Exercise directions:
Reproduce the material below only from the line with "Doveri Dell' Uomo;" to the line with "3h177 DREAMGIRLS advance", both included, keeping each line exact and dropping the pictures.

Given entries:
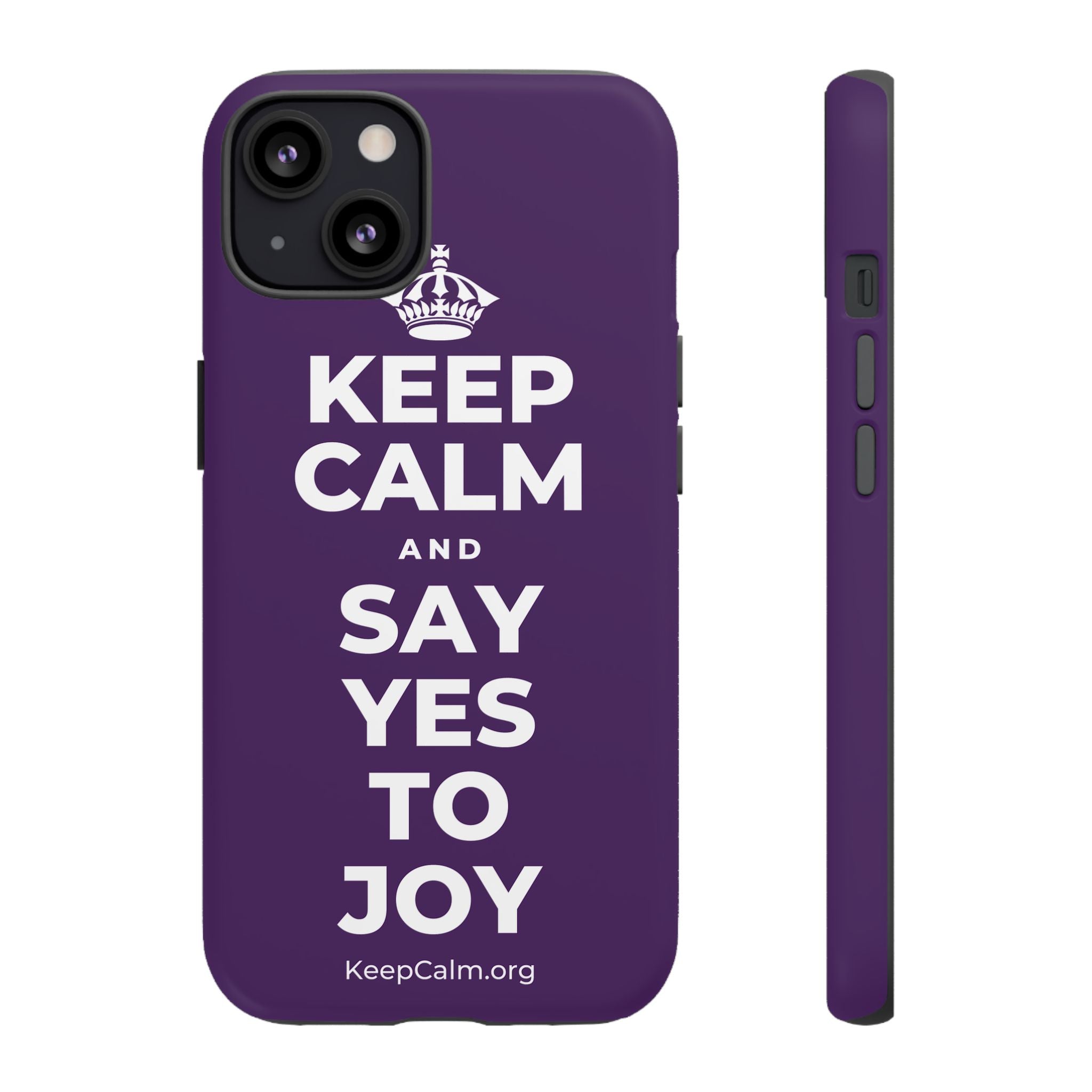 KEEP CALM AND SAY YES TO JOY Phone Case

==

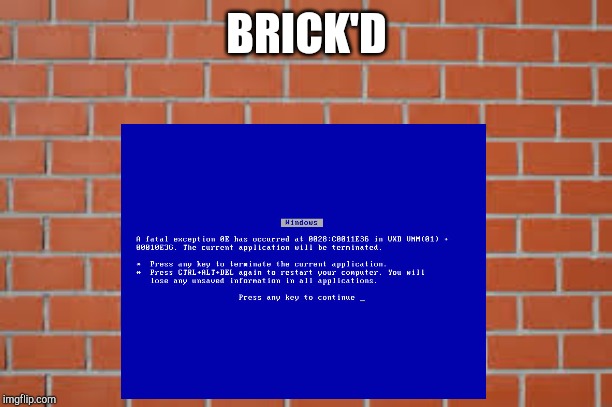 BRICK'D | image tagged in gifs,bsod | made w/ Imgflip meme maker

* * *

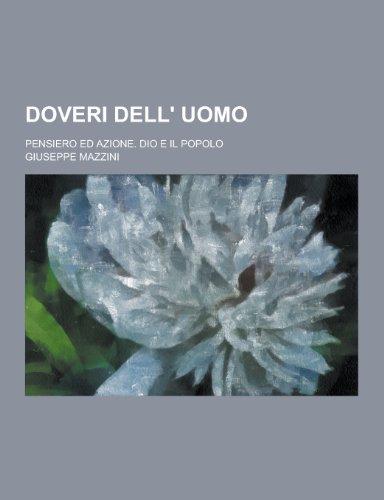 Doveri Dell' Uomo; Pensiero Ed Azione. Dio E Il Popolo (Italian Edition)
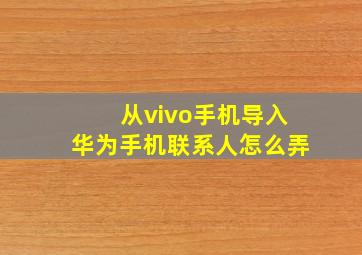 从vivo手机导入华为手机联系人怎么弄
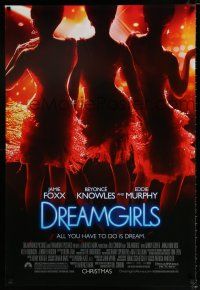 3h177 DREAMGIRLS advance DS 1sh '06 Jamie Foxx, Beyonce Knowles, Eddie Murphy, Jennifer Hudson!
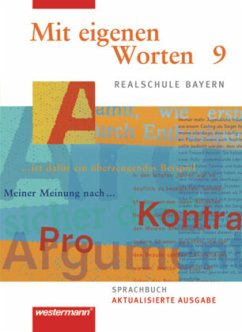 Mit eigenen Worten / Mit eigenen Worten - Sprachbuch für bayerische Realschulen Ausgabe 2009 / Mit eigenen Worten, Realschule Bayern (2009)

Response to this exercise:
 Doveri Dell' Uomo; Pensiero Ed Azione. Dio E Il Popolo (Italian Edition)
 从vivo手机导入华为手机联系人怎么弄
 3h177 DREAMGIRLS advance DS 1sh '06 Jamie Foxx, Beyonce Knowles, Eddie Murphy, Jennifer Hudson!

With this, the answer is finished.